学校の国語の授業では、文章の読み取り方法の学習には多くの時間をかけます。しかし、書く技術については実際に授業が行われることは少なく、文法や技法を学習するに留まる場合が多くなります。

さらに、文系に比べて長文の論文を書く機会も少なく、担当教官からのフィードバック(添削)が少ない状況であった理系のエンジニアは、文章を書く基本的なルールが身についていないことが多くなります。

論文を書く体験が少なかったエンジニアの場合は、文章を書くための基本ルールを理解し、添削を重ねることが必要になります。

読み手を意識していない

文章を書く際には、読み手に伝えたい内容があります。しかし、伝えたい内容が事実であることが多いエンジニアの文章の場合、読み手を意識していない文章になりがちです。

伝えたい事実だけをそのまま書けば、相手が正しく理解してくれるとは限りません。読み手がどのような人で、読み手に何をしてほしいのかを明確にした文章でなければ、伝わる文章にならないのです。

読み手を意識した文章を書くためには、漫然と書き始めるのではなく、伝えたい内容を整理してから書き始める必要があります。

合格できる論文を書くステップ

合否を判定する論文の場合、次のようなステップを踏むことで、合格を勝ち取れる論文を書けるようになります。

STEP1 合格できる論文の傾向を知る

大学受験の際にも、受験する大学の入試問題や難易度について、ほとんどの受験生が事前にリサーチを行ったことでしょう。

それと同じように、論文を書く際には、書きたい論文に関する情報を収集しておきましょう。提出しなければならない論文の字数や形式、記述する用紙のサイズやレイアウト、それらを知っているだけでも、誤った論文の作成を防ぐことができます。

とくに、合否を判定する論文を書く際には、試験の難易度や合格できる論文の傾向を知っておくことは当然のことです。

STEP2 論文ごとのルールを知る

論文を書く際には、文章を書く際のルールを知っておくことが必要です。しかし、それ以外にもその論文が設定しているルールを知っておく必要があります。

とくに、マス目の使い方には注意が必要です。1マスに書ける数字やアルファベットの数も確認しておきましょう。マスを無視して解答した場合は、採点対象から除外される場合もあります。

さらに、ルールは変更になることもあります。最新の受験要項を確認して、常に最新情報を入手しておくようにしましょう。

STEP3 設問の意図を読み取る

合否を判定する論文の場合には、必ず設問があります。その設問の意図に従った記述をできないと、合格は勝ち取れません。
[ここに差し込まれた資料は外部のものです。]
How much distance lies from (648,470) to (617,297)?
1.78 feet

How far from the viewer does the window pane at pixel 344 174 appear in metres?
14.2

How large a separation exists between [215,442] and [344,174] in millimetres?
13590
そのためには、設問を熟読して熟考する必要があります。記述する内容を把握するために重要な作業になるので、時間をかけて設問者の意図と採点者の反応を考えるようにしましょう。

そのためには、「無言音読」が有効です。目で追うだけでは理解しにくい内容も、言葉を出さずに口だけを動かす「無音音読」ならば理解が深まります。

STEP4 書くべき内容を把握する

設問で問われている内容は、一つであるとは限りません。いくつかの項目について問われている場合は、すべての項目に関して漏れなく記述する必要があります。
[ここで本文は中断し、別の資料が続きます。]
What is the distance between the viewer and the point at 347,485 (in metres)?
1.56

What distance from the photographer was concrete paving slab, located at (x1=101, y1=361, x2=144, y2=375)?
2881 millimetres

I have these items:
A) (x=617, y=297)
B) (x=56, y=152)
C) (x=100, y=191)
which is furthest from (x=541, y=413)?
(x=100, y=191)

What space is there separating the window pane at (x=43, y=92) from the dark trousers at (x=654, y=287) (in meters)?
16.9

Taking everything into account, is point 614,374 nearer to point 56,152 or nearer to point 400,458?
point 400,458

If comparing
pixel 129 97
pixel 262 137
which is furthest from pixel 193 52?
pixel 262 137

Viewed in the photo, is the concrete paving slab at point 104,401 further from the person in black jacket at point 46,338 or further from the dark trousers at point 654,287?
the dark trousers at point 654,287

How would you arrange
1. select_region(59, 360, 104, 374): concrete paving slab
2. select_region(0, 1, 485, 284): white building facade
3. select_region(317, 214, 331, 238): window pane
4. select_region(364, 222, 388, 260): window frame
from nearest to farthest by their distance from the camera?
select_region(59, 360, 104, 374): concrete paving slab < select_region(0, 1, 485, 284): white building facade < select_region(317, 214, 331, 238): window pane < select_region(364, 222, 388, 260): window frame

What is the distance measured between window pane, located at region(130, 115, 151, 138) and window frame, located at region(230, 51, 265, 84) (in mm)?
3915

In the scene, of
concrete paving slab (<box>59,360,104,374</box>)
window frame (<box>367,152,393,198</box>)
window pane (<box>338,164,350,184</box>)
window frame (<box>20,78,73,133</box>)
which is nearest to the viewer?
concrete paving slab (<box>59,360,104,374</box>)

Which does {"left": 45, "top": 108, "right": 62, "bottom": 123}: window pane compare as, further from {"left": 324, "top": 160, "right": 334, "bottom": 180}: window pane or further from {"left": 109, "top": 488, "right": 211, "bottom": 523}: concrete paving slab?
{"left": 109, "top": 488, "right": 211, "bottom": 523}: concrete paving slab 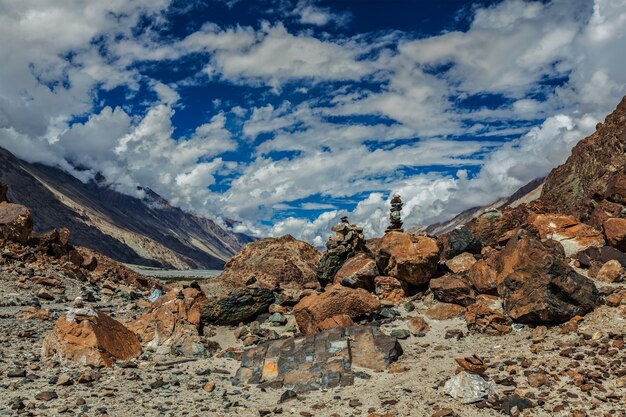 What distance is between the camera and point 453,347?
19.6 m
どれかひとつでも抜けがあれば、評価が低くなってしまいます。大幅な減点となるので、すべての項目に記載できるよう意識しましょう。

試験になると緊張して、うっかり忘れてしまうこともあります。普段の練習のときから、必要な部分には線を引くなどの習慣をつけていると、本番の際にも安心です。

STEP5 プロットを考える

設問の分析が終了したら、プロットを作成します。プロットの作成は、論文を書く上でもっとも力を入れなければならない作業です。

「プロット」とは、「あらすじ」「梗概」のことで「文章の設計図」ともいえます。きちんとしたプロットを作成できれば、論文の7割は完成したとも言えます。

ここでは、ロジカルシンキングの手法を活用します。

大まかな段落構成と字数配分を決め、トピックセンテンスを問題用紙や下書き用紙に書き出します。頭で考えていても書いている途中に忘れがちなので、必ずメモするようにしましょう。

STEP6 段落分けをする

書くべき内容が決まったら、段落分けをします。その際にも、設問で問われている内容を把握した構成にします。

メインの項目があってそれに付随する内容が問われている場合は、メインの項目の字数を多めにします。また、同じようなウエイトを占める内容が複数問われている場合は、字数も同じようなボリュームにします。

段落の字数のバランスが悪いと見た目が悪くなり、少ない部分に関しては、専門的学識が不十分であると判断されかねません。バランスよく解答できる練習をしておくと良いでしょう。

STEP7 見出しをつける

段落を分けたら、その段落に関する見出しをつくっていきます。論文は字数が多いので、この見出しをつけるというテクニックは非常におすすめです。

見出しを付けることによって、複数ある回答項目の記載漏れを防げます。さらに、見出しを付けることで採点者に対して、書き洩らしがないことをアピールできます。

凝った見出しを書く必要はなく、一目でわかるようなシンプルな見出しにします。設問の項目をそのままや、体言止めにして書くことがおすすめになります。

STEP8 時間を計って書く

合否を判定する論文の場合は試験時間が決まっているので、書いていられる時間が制限されます。時間配分を誤ると時間不足になり、論文を書き上げられなくなってしまいます。

今までに挙げてきたステップにかかる時間と、次に挙げる推敲を行う時間を把握しておきましょう。そうすることで、本番でもあせることなく論文を書き上げることができます。

資料文付きの問題の場合は、資料文を読み通す時間を知っておくことも必要です。必要な時間を把握できるよう、練習で書いている時点から時間を計っておくようにしましょう。

STEP9 第三者の目で読み返す

書き終えた論文はそのままにしないで、必ず読み返すようにしましょう。論文を書き終えると安心してしまいがちです。しかし、最後の見直しが重要になります。

書いた論文の見直しをする際には、第三者の目になって読み返してみましょう。文章に対して批判を入れるつもりで、自分の論文の欠点や抜けをみつけるようにします。

クリティカルシンキングにも通じる思考法になりますが、この考え方は一朝一夕に身につくものではありません。日々の生活のなかでも、クリティカルシンキングを意識しながら物事に当たるようにしましょう。

添削を繰り返すことで合格に近づける

完成した論文は推敲することで、ブラッシュアップできます。上司や先輩に書いた論文を読んでもらい、忌憚のない意見をもらってもよいかもしれません。

しかし、添削を頼めるような人物が身近にいない場合は、論文を添削してくれるサービスの利用がおすすめです。論文のプロによる的確なアドバイスと指導は、あなたの論文を合格点にまで引き上げてくれるでしょう。

まとめ

論文を書くことは簡単ではありません。ここで解説してきた内容を頭で理解することと、実際に実践できるかは別問題です。さらに、論文試験は評価ポイントが公に数値化されているものではありません。自分では判断できない項目が生じることも、論文試験の特殊さといえます。まずは、どんどん論文を書いてみましょう。そして、信頼できる協力者を探します。自分の論文の間違いを指摘してもらい、足りない部分を補ってもらいましょう。そうすることで、合格できる論文を書けるようになっていくのです。